A timely new free exhibition at the Science Museum shows new ways that pain management is being developed which doesn't rely on pills. Almost six billion painkillers were sold in the UK last year, so the impetus to come up with alternatives is pressing. The exhibition uses personal stories to explore how scientists are investigating pain management, including one using tarantula venom, and another which shows a patient who feels phantom pain from his amputated limb using gaming technology to trick his brain. You can even play a computer game to fight pain. Sadly the curators couldn't resist calling it Ouch!
On the hour
Last week, BBC news bulletins and daily current affair shows were dominated by disaster stories about the BBC itself, and, with fortuitous timing, last week the second series of Abi Morgan's The Hour kicked off, set in a BBC 1950s weekly topical show with a new horribly controlling head of news, played with enormous relish by Peter Capaldi. The show looks great – smoky Soho nightclubs, showgirls and plenty of booze and fab costumes – but the two female leads seem miscast. Romola Garai is unconvincing as the programme's producer. Why didn't the role go to Anna Chancellor, who is the right age and far more authoritative? Ben Whishaw is another fluffy choice as a roving reporter who returns to be lobbed in front of the cameras as a presenter. Media-watchers could spot plenty of parallels between the channel's problems – competing against the brash new ITV while delivering big stories on a shrinking budget – and Newsnight's current woes. But good telly drama has to connect with the mainstream audience, not just the luvvies. At the moment The Hour still looks like a bit of a clever in-joke that's all surface and smart references. I want characters I care about.

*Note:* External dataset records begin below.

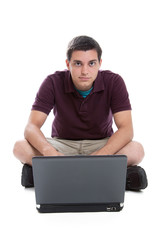 Teen boy on laptop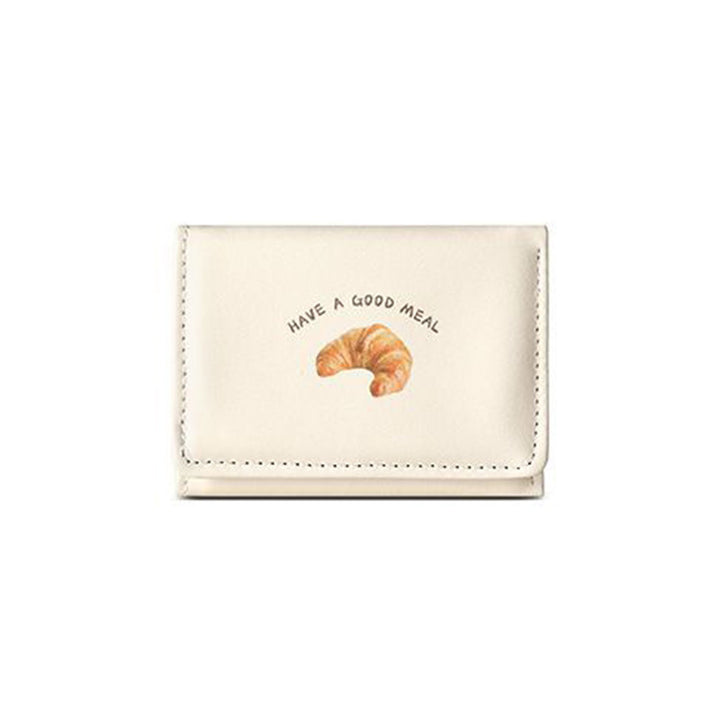 Croissant-Themed Leather Mini Wallet Kalsten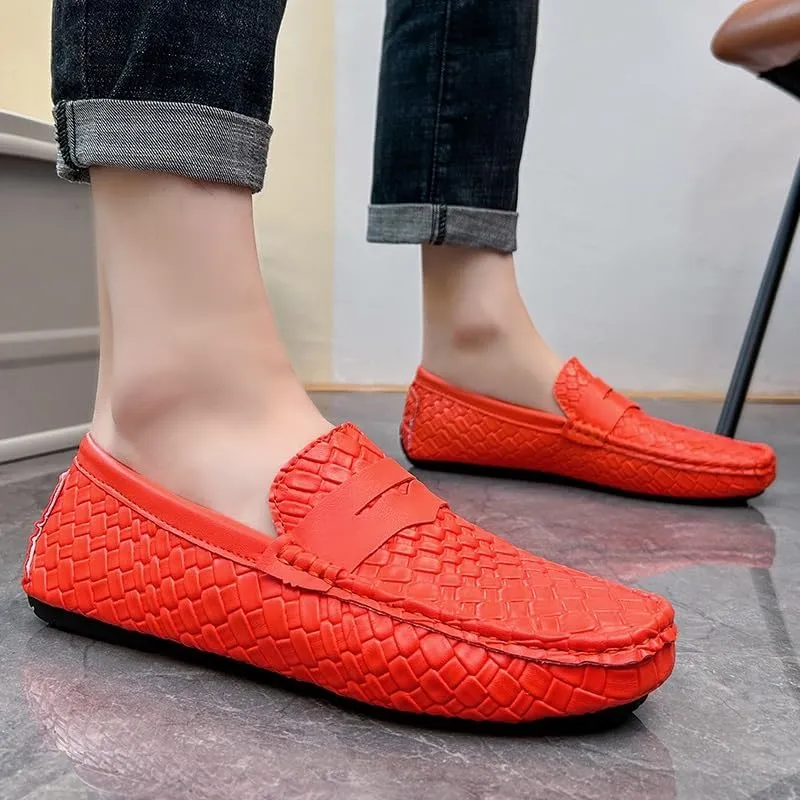 Mens Loafers Shoe Square Toe Vegan Leather Stone Pattern Penny Loafers Anti-Slip Flexible Comfortable Wedding Prom Slip-ons
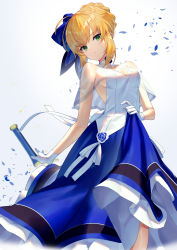 Rule 34 | 1girl, absurdres, ahoge, artoria pendragon (all), artoria pendragon (fate), bare shoulders, blonde hair, blue bow, blue dress, bow, braid, breasts, commentary request, dress, fate/grand order, fate (series), frown, gloves, green eyes, grey background, hair bow, hair ribbon, highres, looking at viewer, medium breasts, official alternate costume, ribbon, saber (fate), scottie (phantom2), simple background, solo, weapon, white dress, white gloves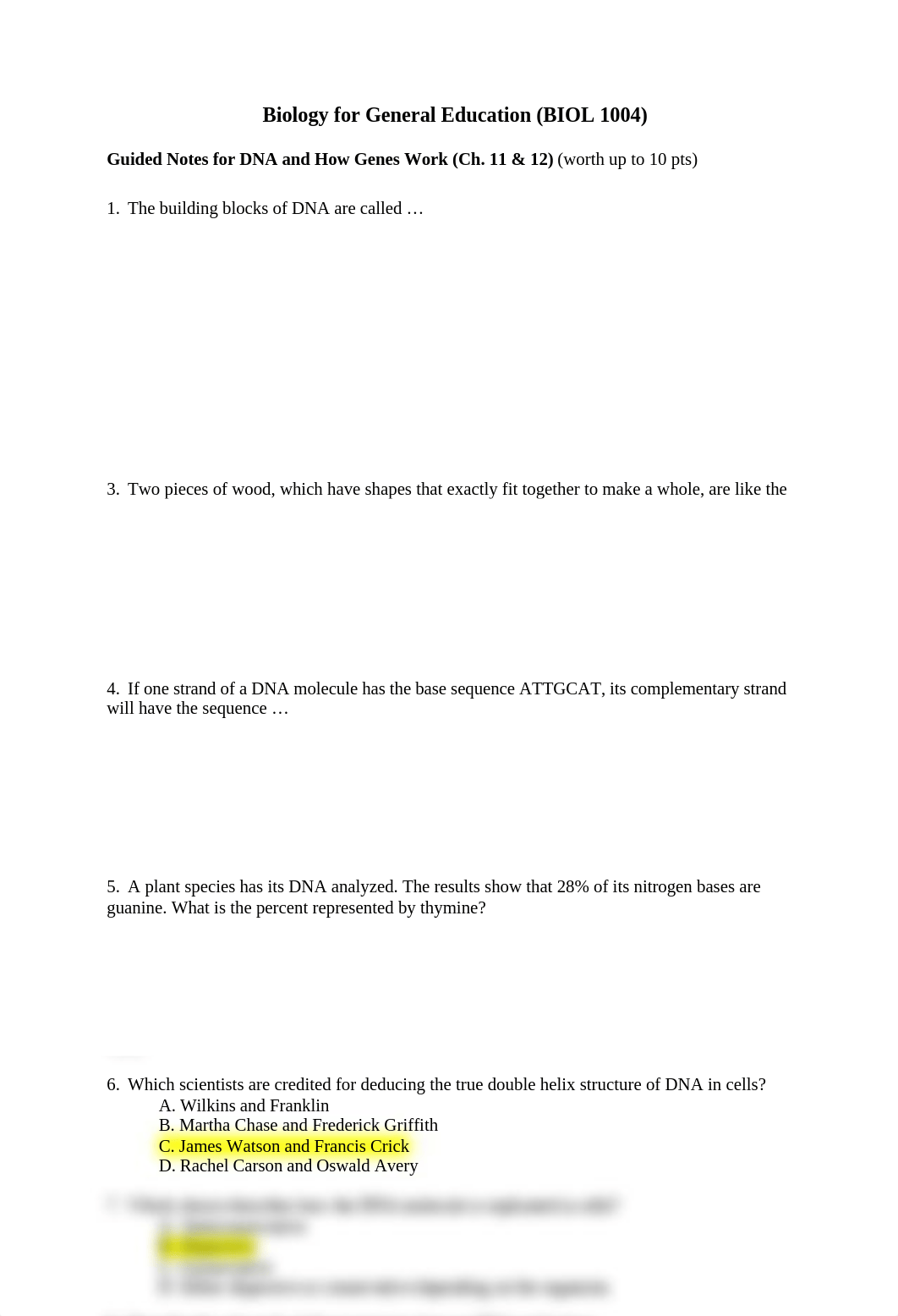 BIOL 1004 Ch 11 &12 InClass Questions.docx_d94hd0323jo_page1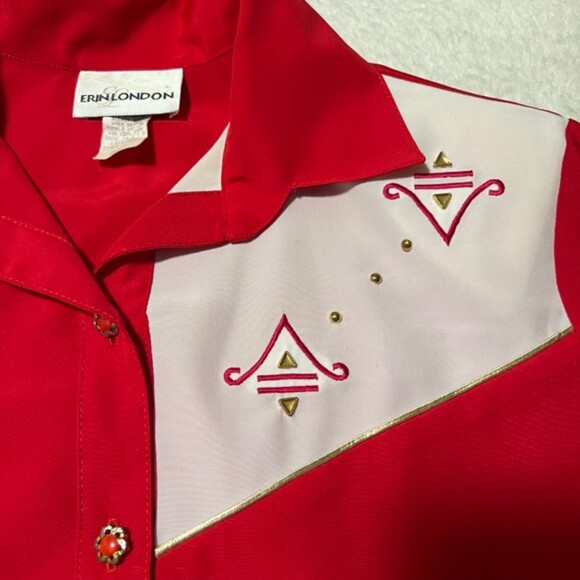 VTG ERIN LONDON Red Button Up Ribbed Hem Short Sleeve Top Size Sm P - Picture 5 of 11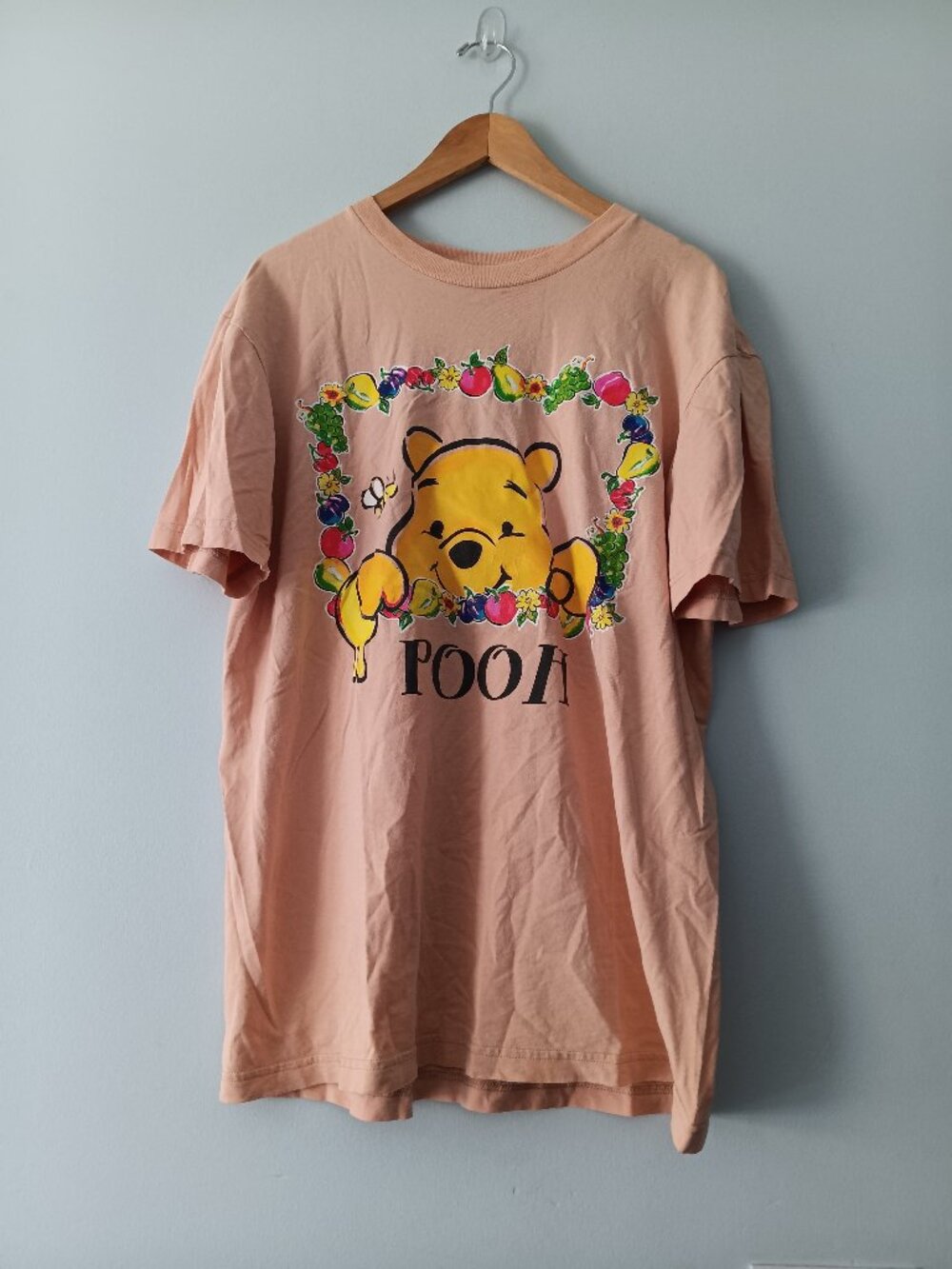 Disney Winnie the Pooh Vintage Tan Cotton Fruit Graphic Short Sleeve T Shirt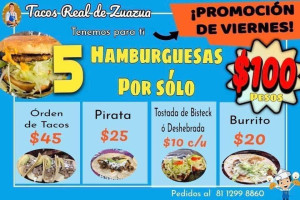 Tacos Real De Zuazua menu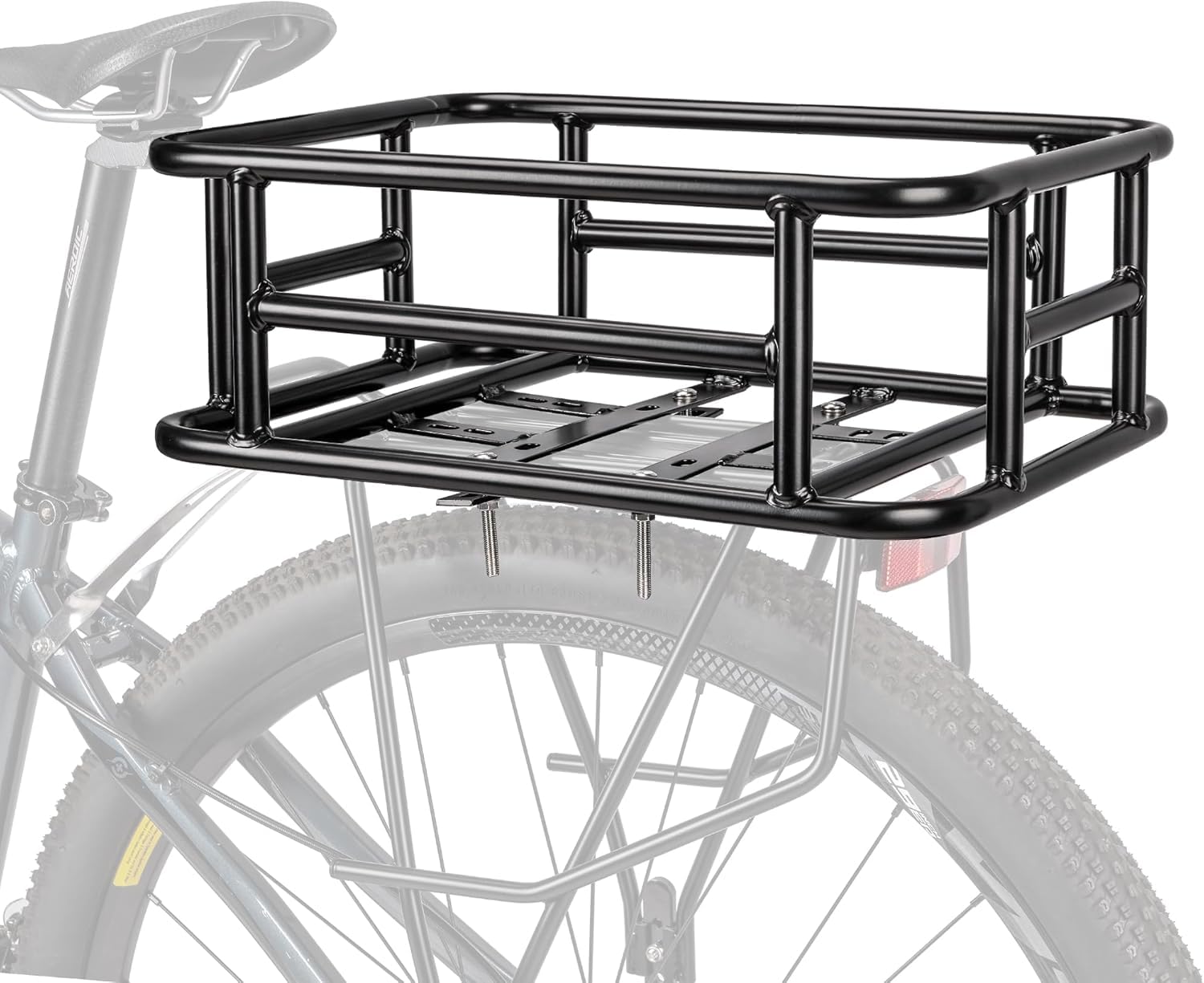 CXWXC Cesta trasera para bicicleta con red de carga y forro, capacidad de carga hasta 30 kg, cesta para bicicleta, bicicleta eléctrica, e-bike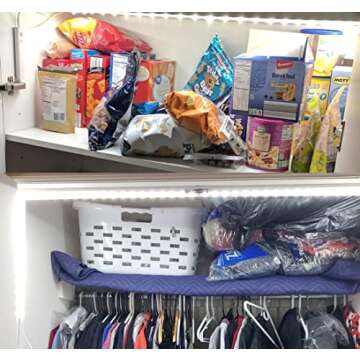 Amagle 9.8ft Under Cabinet Lighting Motion Led Strip Closet Lights Battery Powered Basement Trunk Co...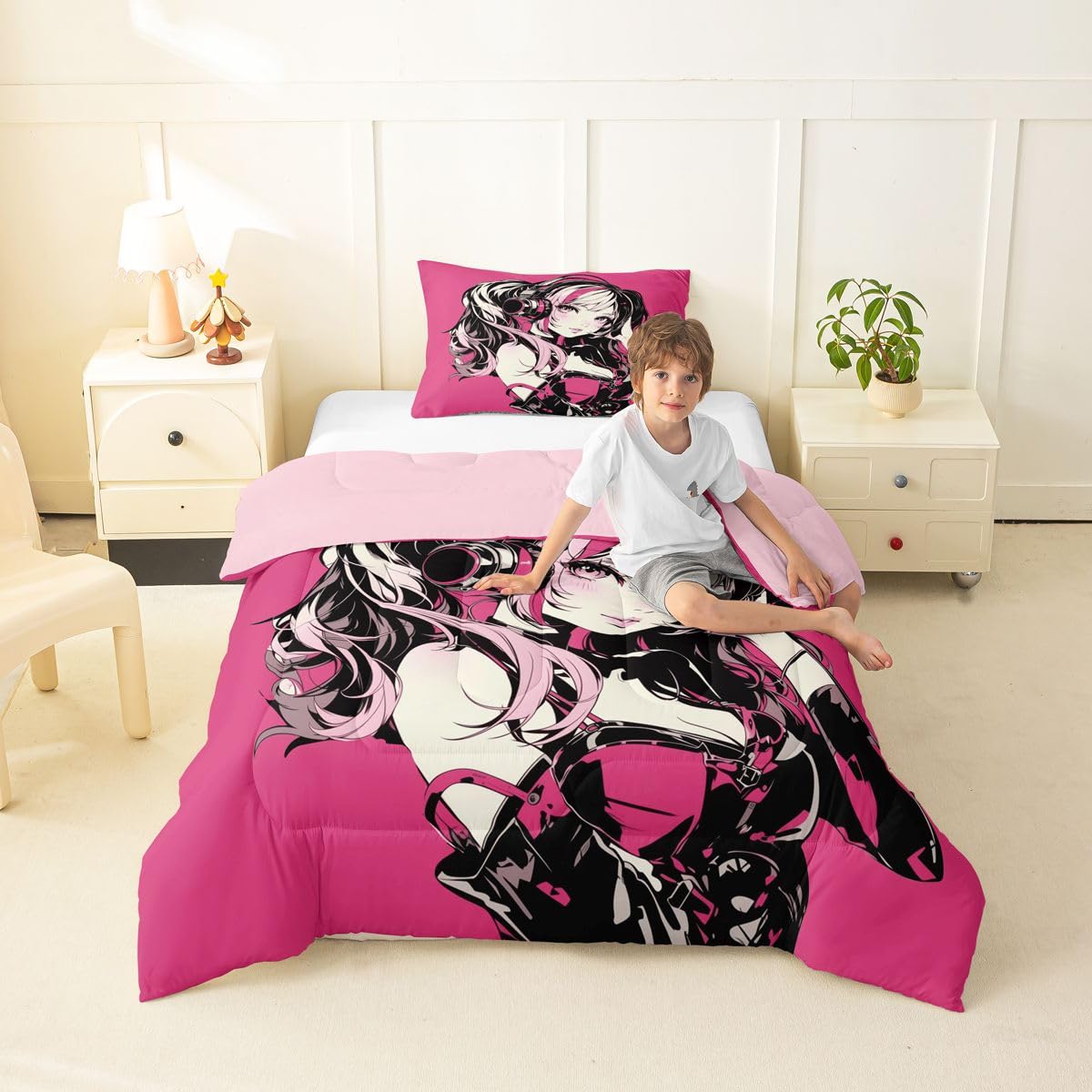 Erosebridal Pink Anime Girls Bedding Cartoon Japanes-Style Comforter Set Twin, Graffiti Street Culture Bed Comforter Set for Kids Teens Youth Watercolor Hippie Style Duvet Set 2Pcs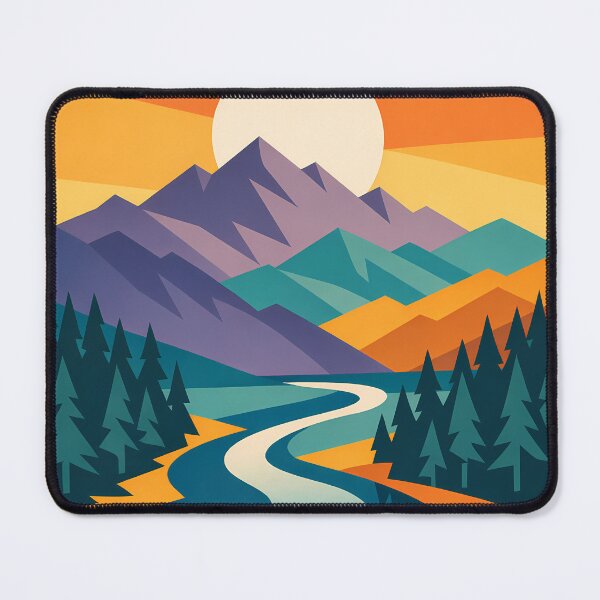 Item preview, Geometric Mountain Sunset with River and Pines designed and sold by InkSmithery.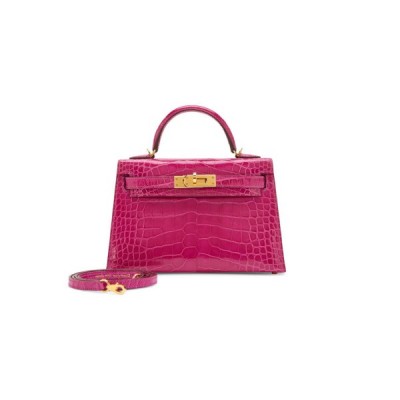 HERMÈS MASTER ROSE SCHEHERAZADE SHINY ALLIGATOR MINI KELLY II 20 SELLIER GOLD HARDWARE (19*12*5.5cm)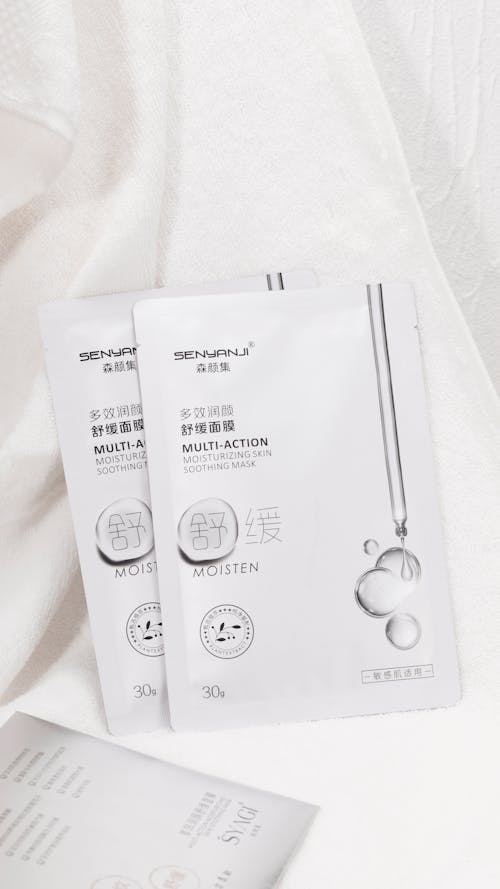 White Packages with Sheet Face Masks 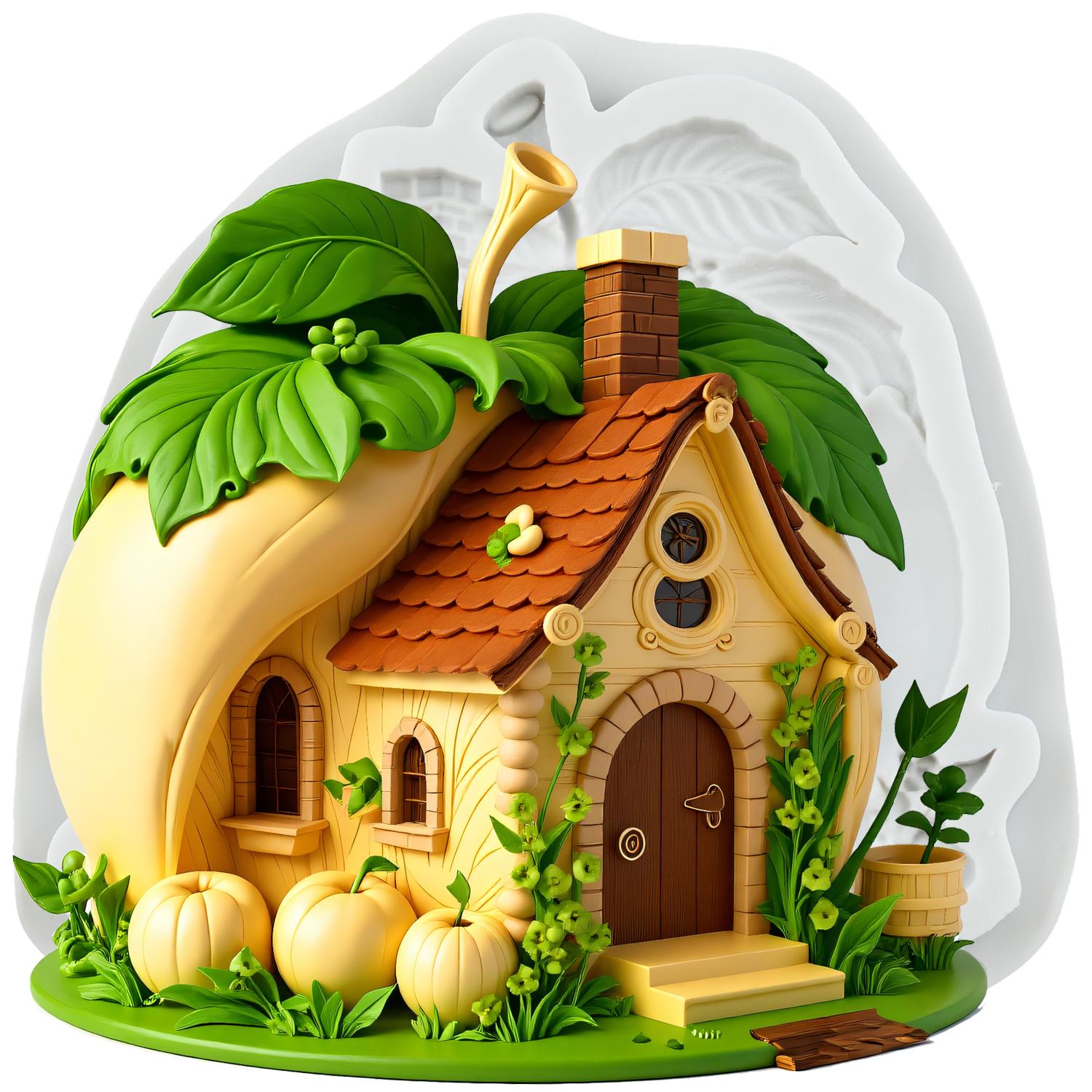 

Strawberry House Silicone Mold Peach House Fondant Molds Cake Decorating Tools Cupcake Topper Candy Resin Clay Chocolate Gumpaste Mold серый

There are moves afoot to allow train operators to operate a new third class. The Department for Transport points out that this will not mean carriages with no seats, but a service that's the rail equivalent of premium economy. Why do we need another class at all when most stations can't take longer trains? Third class has already arrived if you travel on "Great" Western trains. I recently went to Penzance on a Friday afternoon. The train was so crowded you couldn't get to the toilets, and arrived late because, said the train manager, "this service is just too popular" and it takes ages to get everyone on and off as only a few carriages fit on most of the platforms. Journey time: six hours. On Sunday, there was no trolley service and the toilets didn't flush. Lovely!
Danny Boyle made an impassioned plea for local theatres last week, as many face huge cuts in their funding from local authorities and the Arts Council. He described them as the "modest cousins" of football, pop music and the cinema and said they offer an irreplaceable experience, one that had been instrumental in awakening his interest in drama. Like amateur companies, they play a vital role in local communities. In Yorkshire, the Middlesmoor panto (staged only every two years, sadly) in my tiny village hall is the highlight of the social calendar. The sight of the publican and assorted farmers in drag is a riot. Just down the road, the Pateley Bridge Dramatic Society is 75 years old this year and shows regularly sell out. From Tuesday it is staging Alan Ayckbourn's How the Other Half Loves, and a couple of years ago performed a musical, The Dam Play, telling the story of the huge reservoirs built at the head of the valley.